Well, this is interesting. A startup called Leap Motion has announced a new gestural controller which they claim is more accurate than the Kinect, and sells at an even lower price point ($70!). From Edgadget:

It’s about the size of a pack of gum, and once connected to your computer via USB, it creates a four-cubic-foot virtual workspace. Within that area, it tracks all ten of your fingers simultaneously to within 1/100 of a millimeter — that level of accuracy allows for rudimentary gestures like pinch-to-zoom and more complex actions like manipulating 3D-rendered objects. Naturally, the company isn’t telling much about the black magic making it happen, but Leap Motion claims that its software can be embedded in almost anything with an onboard computer, from phones to refrigerators. Users can customize it to suit their needs with custom gestures and sensitivity settings, in addition to chaining multiple Leap devices together to create a larger workspace. Plus, Leap Motion has created an SDK for devs to create Leap-compatible applications and an app discovery platform to distribute them to others. That means the Leap can work in a variety of use cases, from simply navigating your desktop to gaming and computer-aided design. The best part? Leap brings you this next-gen UX for a mere $69.99, and a select few can pre-order them now, with the full roll-out coming this winter. Full details follow in the PR below, and you can see the Leap in action in the videos after the break.

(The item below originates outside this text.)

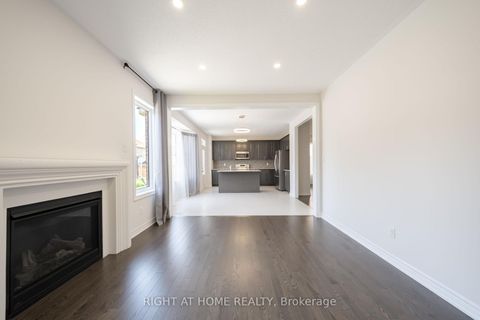 Photo 13 at 972 Green Street, Lefroy, Innisfil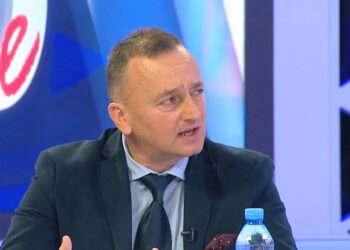 Fasha e energjisë/Buxhuku: Prekja e durimit të qytetarëve, mund të ishte si pikë ndezje e din*mitit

It’s nice to see them leading with an SDK — the Kinect, which was marketed originally as a game controller, did not have an SDK at launch — but I haven’t been able to figure yet what (if any) restrictions there are for developers. Hopefully, the terms will be more free than the Microsoft SDK.

Anyway, it sounds like it might be fun to play around with. Leap Motion claims the device: “creates a 3D interaction space of 4 cubic feet to precisely interact with and control software on your laptop or desktop computer.” — that’s what it was designed for, but I wonder what else you could make it do? Hmmm…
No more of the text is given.